Oleh: Pater Vande Raring, SVD dan Komunitas JPIC SVD Ende
Pemerintah Daerah Kabupaten Sikka tampak kehilangan arah nalar publik ketika memilih jalan menutup Pasar Wuring—kebijakan yang tidak hanya tidak solutif, tetapi juga menyakitkan hati rakyat kecil.
Pasar Wuring bukan sekadar tempat jual-beli, tetapi urat nadi ekonomi rakyat pesisir Maumere. Di sanalah para ibu mengais rezeki, para bapak membawa hasil bumi, dan anak-anak sekolah bisa tetap belajar karena orang tua mereka berjualan setiap hari.
Menutup pasar berarti memutus sumber kehidupan banyak keluarga. Maka, kami menilai kebijakan ini tidak rasional, tidak populis, dan tidak berperikemanusiaan.
Kebijakan yang Arogan dan Gegabah
Kebijakan penutupan Pasar Wuring menunjukkan gejala arogansi kekuasaan yang mengabaikan prinsip keadilan sosial. Tidak ada dialog, tidak ada sosialisasi, dan tidak ada empati terhadap mereka yang akan terdampak langsung.
Pemerintah seharusnya membangun iklim usaha yang kondusif, memperkuat ekonomi rakyat menengah ke bawah, bukan justru menghancurkannya melalui keputusan emosional.
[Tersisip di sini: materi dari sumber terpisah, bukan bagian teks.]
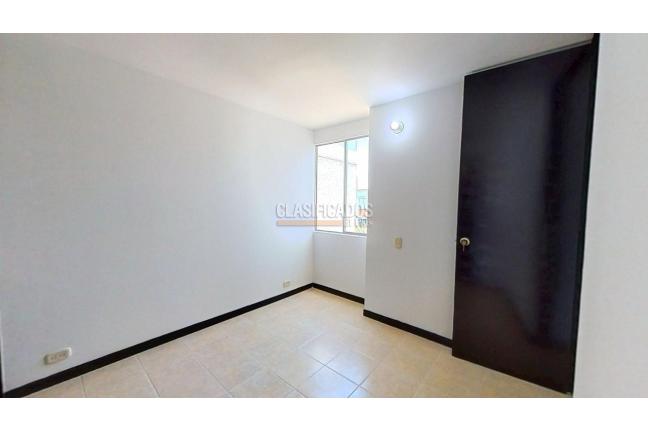 Apartamentos, Venta, Valle del Lili - $193.000.000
Dalam perjumpaan kami bersama para pedagang pada Sabtu, 1 November 2025 malam, banyak warga menangis dan bertanya polos:
“Apa salah kami sampai pasar mau ditutup tanpa penjelasan? Kami hanya tahu jualan untuk hidup. Kalau pasar ditutup, kami harus ke mana?”
Pertanyaan sederhana itu menampar nurani kita semua. Apakah kebijakan publik di Sikka kini sudah kehilangan rasa keadilan dan kemanusiaan?
Pemda Sibuk Tutup Pasar, Masalah Serius Diabaikan
Para pedagang juga mengungkapkan keheranan: mengapa Pemda begitu bersemangat menutup pasar, padahal masih banyak masalah serius yang belum terselesaikan.
Korupsi, pungli di Pasar Alok, infrastruktur jalan yang rusak, dan RSUD TC Hillers yang tidak memiliki dokter anestesi — itulah persoalan riil yang seharusnya jadi fokus pemerintah.
“Bukannya membenahi, malah mau tutup pasar yang sudah tertib dan nyaman,” keluh salah satu pedagang.
“Tugas Pemda seharusnya membuka lapangan kerja baru, bukan menutup yang sudah ada,” tambah seorang bapak dengan nada getir.
Pasar Wuring: Dapur Kehidupan Rakyat
Pasar Wuring bukan pasar liar; ia adalah simbol kehidupan yang tumbuh dari keringat rakyat.
Empat pedagang asal Mapitara bercerita, hasil tani seperti lombok, tomat, dan jeruk yang tidak laku di kampung bisa bernilai di Pasar Wuring.
“Kami bahagia karena dari peluh kami, orang lain bisa merasakan manfaatnya,” ujar mereka.
“Kalau pasar ditutup, hasil kami tak berguna lagi.”
Pasar Wuring adalah salah satu pasar tertua di Kabupaten Sikka, bahkan sebelum Pasar Alok berdiri. Sejak dahulu, tempat ini menjadi ruang hidup, tempat bertemunya budaya, ekonomi, dan solidaritas warga Maumere.
Kemanusiaan Tidak Boleh Dikalahkan oleh Kekuasaan
Dari semua curahan hati warga, satu pesan mengalun kuat: tutup pasar bukan solusi, melainkan tragedi sosial.
Kebijakan yang tidak mendengar suara rakyat adalah kebijakan yang gagal sejak awal. Pemerintah daerah harus menunda dan meninjau ulang rencana penutupan Pasar Wuring, sekaligus membuka ruang dialog yang jujur dan manusiawi dengan masyarakat terdampak.
Kemanusiaan adalah dasar dari semua kebijakan publik.
Kami menyerukan agar Pemerintah Kabupaten Sikka tidak menjadikan rakyat kecil sebagai korban dari kebijakan elitis.
TUTUP PASAR WURING BUKAN SOLUTIF YANG POPULIS.
Dengarlah suara rakyat kecil — sebab di sana ada wajah Tuhan yang terpinggirkan.